Altre osservazioni pesanti – come definite dall’autore – riguardano poi la durata del tirocinio e i limiti per il suo svolgimento all’Estero.

Dimissioni sempre da certificare

11 Luglio 2012

Il Sole 24 Ore – Nevio Bianchi, Norme e Tributi - pagina 18

Il riferimento è alle previsioni contenute nella Riforma Fornero sulla procedura da seguire in caso di dimissioni del lavoratore.
L’autore ricorda l’importante novità secondo cui, a partire dal 18 luglio 2012, la loro efficacia  è sospesa fino alla convalida.
Nel periodo compreso tra la cessazione formale del rapporto e la convalida ci sarà, quindi, un periodo neutro durante il quale sarà possibile il ripensamento da parte del lavoratore e quindi la revoca delle dimissioni stesse.
Nel prosieguo Bianchi spiega il percorso da seguire, sottolineando che servono chiarimenti. Infatti devono ancora essere definite la modulistica e le modalità per rendere operativo il «divorzio» consensuale e inoltre la revoca da parte del dipendente può avvenire in forma scritta ma non sono precisate le altre possibilità. 

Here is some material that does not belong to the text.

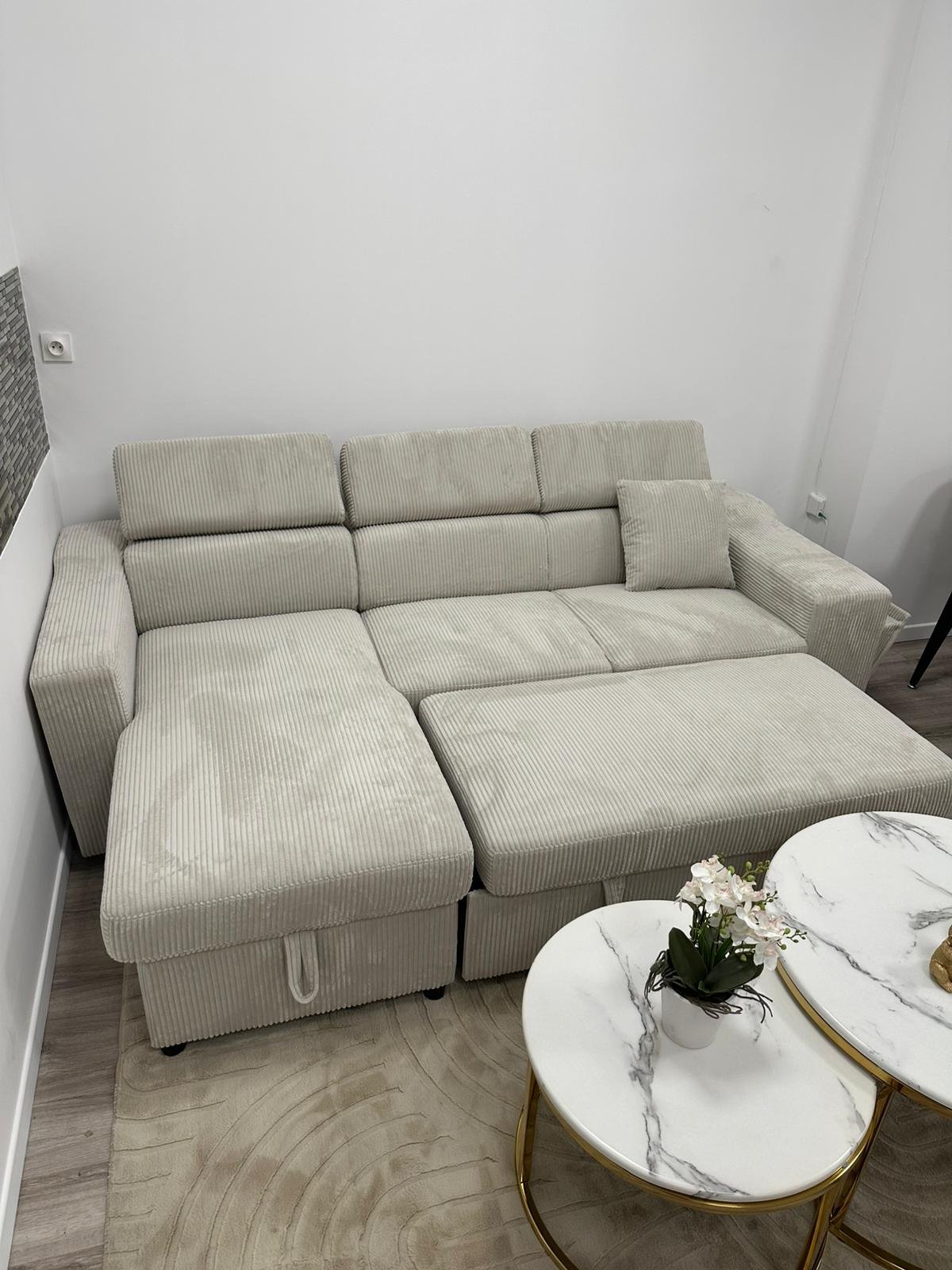 Canapé d&rsquo;Angle Convertible Bonaterra,Tissu Côtelé Beige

Professioni, riforma per gli albi

11 Luglio 2012

Italia Oggi – Diritto e Fisco – pagina 25

Via dal testo di riforma delle professioni qualsiasi riferimento a registri o elenchi tenuti da amministrazioni o enti pubblici. Perché il riordino degli ordinamenti riguarda solo «ordini, collegi o albi».
È da questa richiesta che parte la lunga disamina del Consiglio di stato sullo schema di D.P.R. di «Riforma degli ordinamenti professionali». Molti gli spunti di modifica proposti, tra cui quel passaggio tanto contestato dagli stessi ordini che ha fatto scomparire rispetto alla norma originaria la definizione di professione intellettuale a favore di una «eccessivamente ampia»  denominazione di professione regolamentata.
Un altro dei passaggi maggiormente interessato da richieste di modifica è la disciplina sul tirocinio. Sarebbe opportuno eliminare il principio di incompatibilità con qualunque rapporto di impiego pubblico e rendere i corsi di formazione per i tirocinanti facoltativi o alternativi alla pratica.

Una mini proroga su Unico 2012

11 Luglio 2012

Italia Oggi – Diritto e Fisco – pagina 27

Riporta quanto annunciato ieri sera dall'Agenzia delle Entrate con una nota, ovvero che i contribuenti soggetti agli studi modificati dalla versione 1.0.2 di Gerico che intendano adeguarsi ai ricavi o ai compensi stimati sulla base della nuova versione del software (…….) potranno farlo versando le maggiori imposte dovute al fisco entro il 20 agosto 2012, senza il pagamento della maggiorazione dello 0,40%.